Tentamos por vias jurídicas trazer os criminosos de volta à cadeia para aguardarem o julgamento presos, mas não conseguimos. A partir de então, iniciamos a batalha pelo julgamento imediato dos mandantes e executores. Não é fácil para nós familiares e amigos sabermos que estão livres os assassinos de nossos entes queridos. Os dois são vistos em ambientes de luxo, em festas, em viagens bem acompanhados, desfrutando os prazeres que a vida de gente rica proporciona, enquanto os parentes sofrem a dor irreparável da perda. A cada aniversário de um deles, uma reunião de família, um natal, um ano novo sem aquele casal de vida simples, aflora nosso sofrimento, enquanto os assassinos estão a comemorar a liberdade, a impunidade.

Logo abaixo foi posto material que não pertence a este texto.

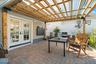 Patio with covered pergola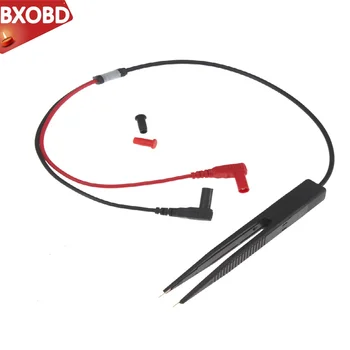 

S SMD SMT Chip Test Clip Lead Probe Multimeter Meter Tweezer Capacitor Resistance P0.05 LCR Bridge Test Clip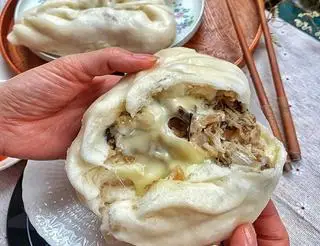 Hình ảnh Gà nấm phô mai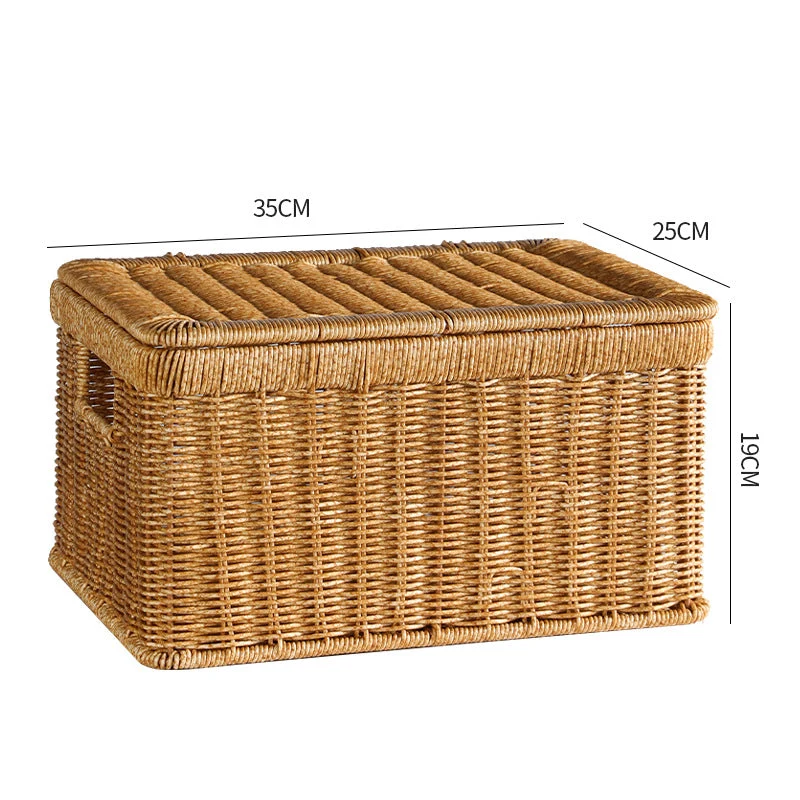 Natürliche geflochtene Aufbewahrungsbox Skanto
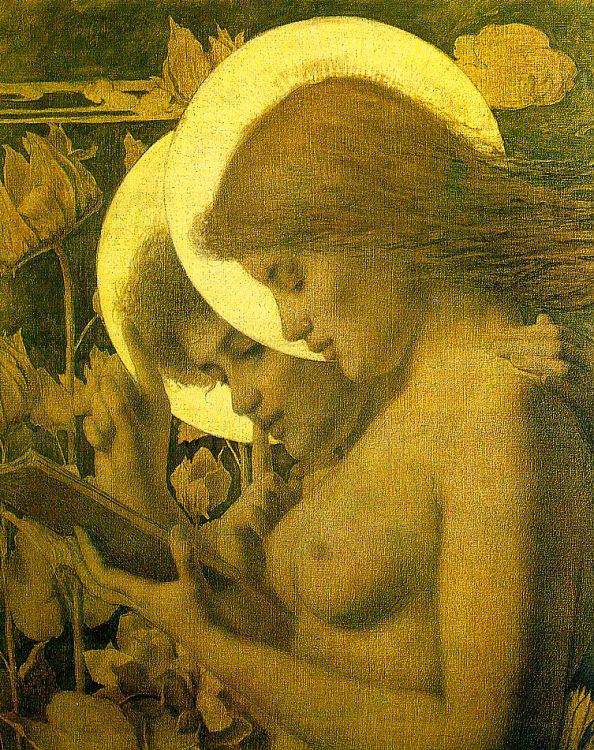 Louis Welden Hawkins The Haloes Norge oil painting art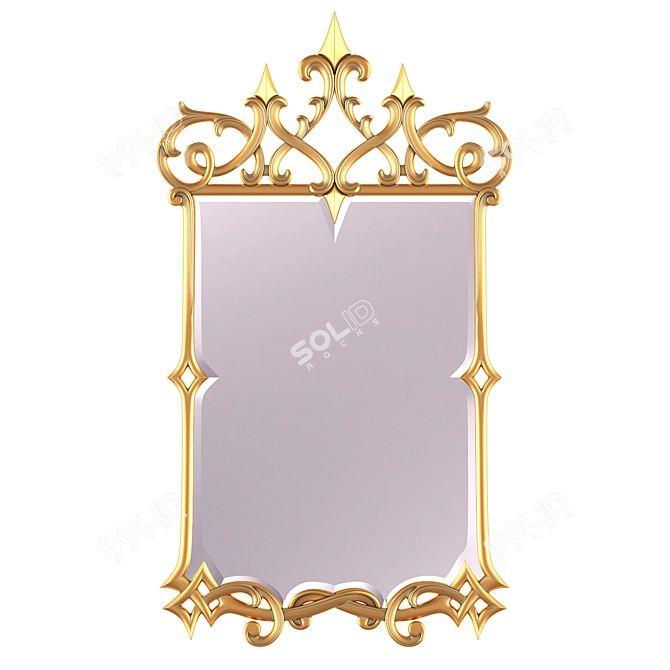 Elegant Mirandela Baroque Mirror 3D model image 1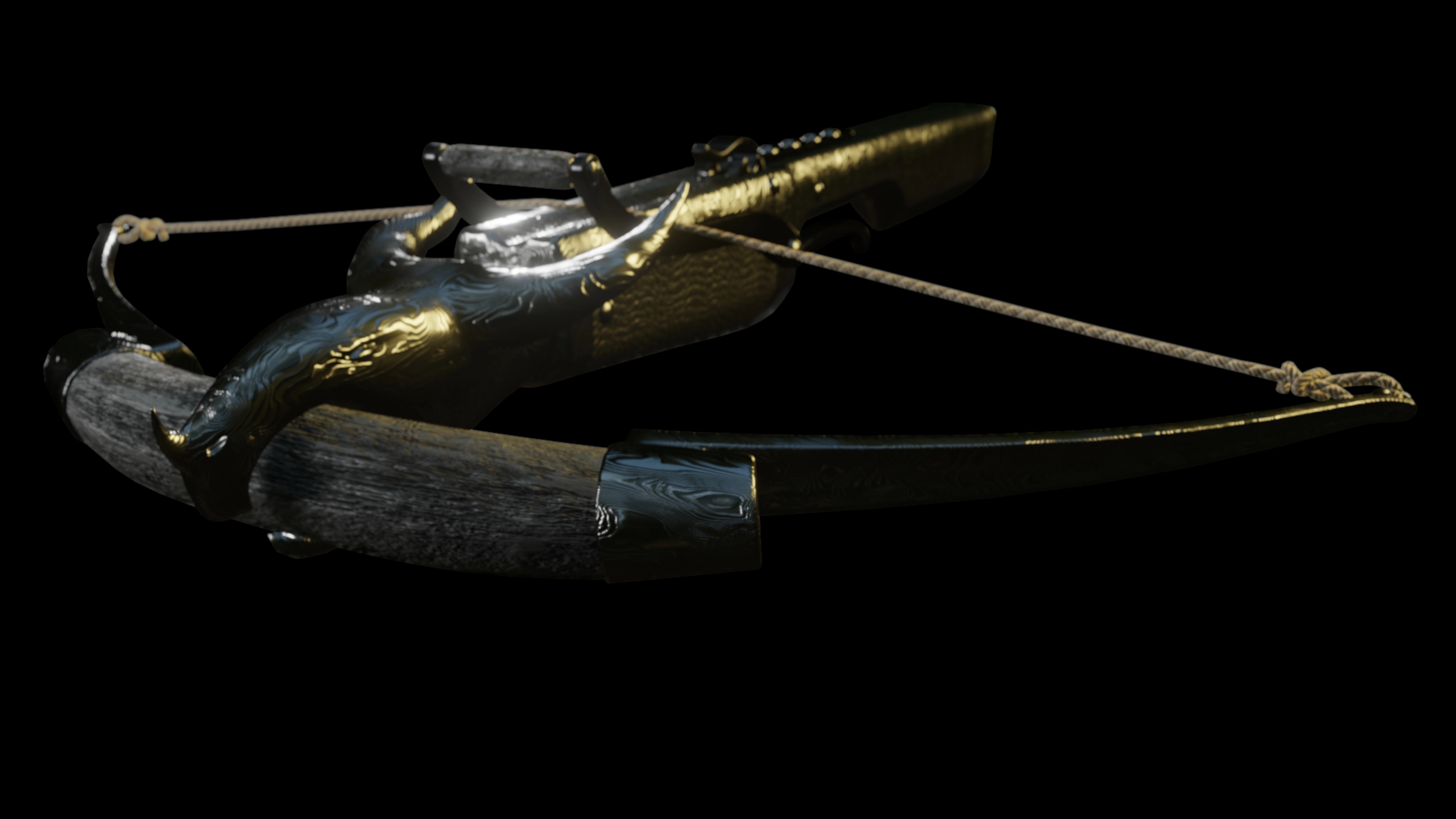 《上古卷軸5：天際重置版》烏木大馬士革弩MOD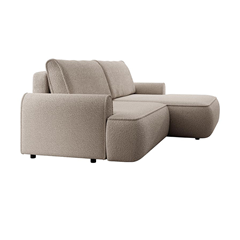 Corner Sofa Bed with Chaise Right 250cm – Beige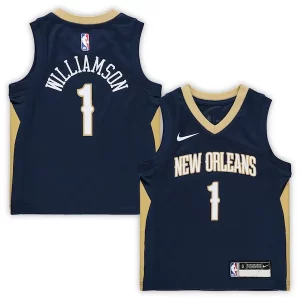 Zion Williamson New Orleans Pelicans Nike Preschool Replica Jersey Icon Edition Gorgeous Navy Ideal for Collectors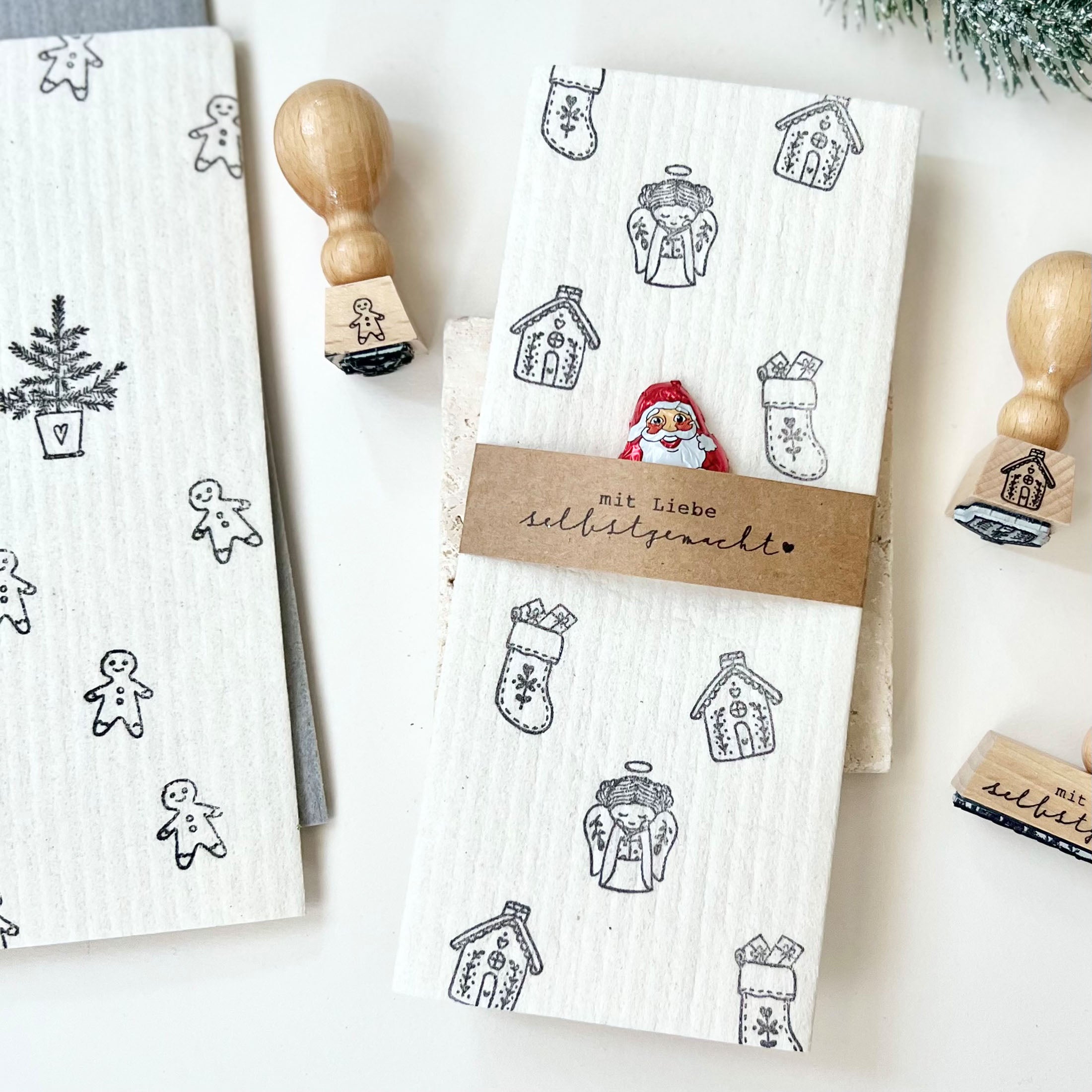 Stempel Lebkuchenhaus | Stempel Weihnachten | Weihnachtsstempel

Nós temos a exata noção dos problemas estruturais da justiça brasileira, de sua morosidade, dos prazos, da utilização de instrumentos jurídicos protelatórios pelos advogados. Por outro lado, não podemos suportar mais essa situação. Já passou da hora de julgar os mandantes e executores desse bárbaro crime. Tenho levantado uma preocupação com os familiares no que diz respeito à possibilidade de fuga do país dos dois poderosos empresários. Alguns casos já registrados no país indicam que nesse longo período que separa o crime do julgamento, alguns criminosos, - especialmente endinheirados - , organizam a fuga e escapam da punição que pode ser estabelecida em julgamento - daí a necessidade de a justiça recolher os passaportes dos criminosos, que suponho não ter sido providenciado.
Por fim, nestes quatro anos de luta por justiça, temos nós familiares a obrigação de agradecer à CTB, Central dos Trabalhadores e Trabalhadores do Brasil, na figura de seu presidente nacional, Adilson Araújo, por todo o suporte para manter acesa chama por justiça, à Secretaria de Segurança Pública e ao governador Wagner, que cumpriram os compromissos assumidos, aos rodoviários que estiveram solidários, aos militantes e dirigentes do PCdoB, sempre firmes no apoio, aos nossos advogados que nos prestam valiosa assessoria, enfim, a todos que de uma maneira ou outra estão na luta para honrar a história exemplar de vida desses dois combatentes que tombaram lutando por uma sociedade mais justa e fraterna.
*Geraldo Galindo é dirigente estadual do PCdoB, irmão de Catarina Galindo e cunhado de Paulo Colombiano.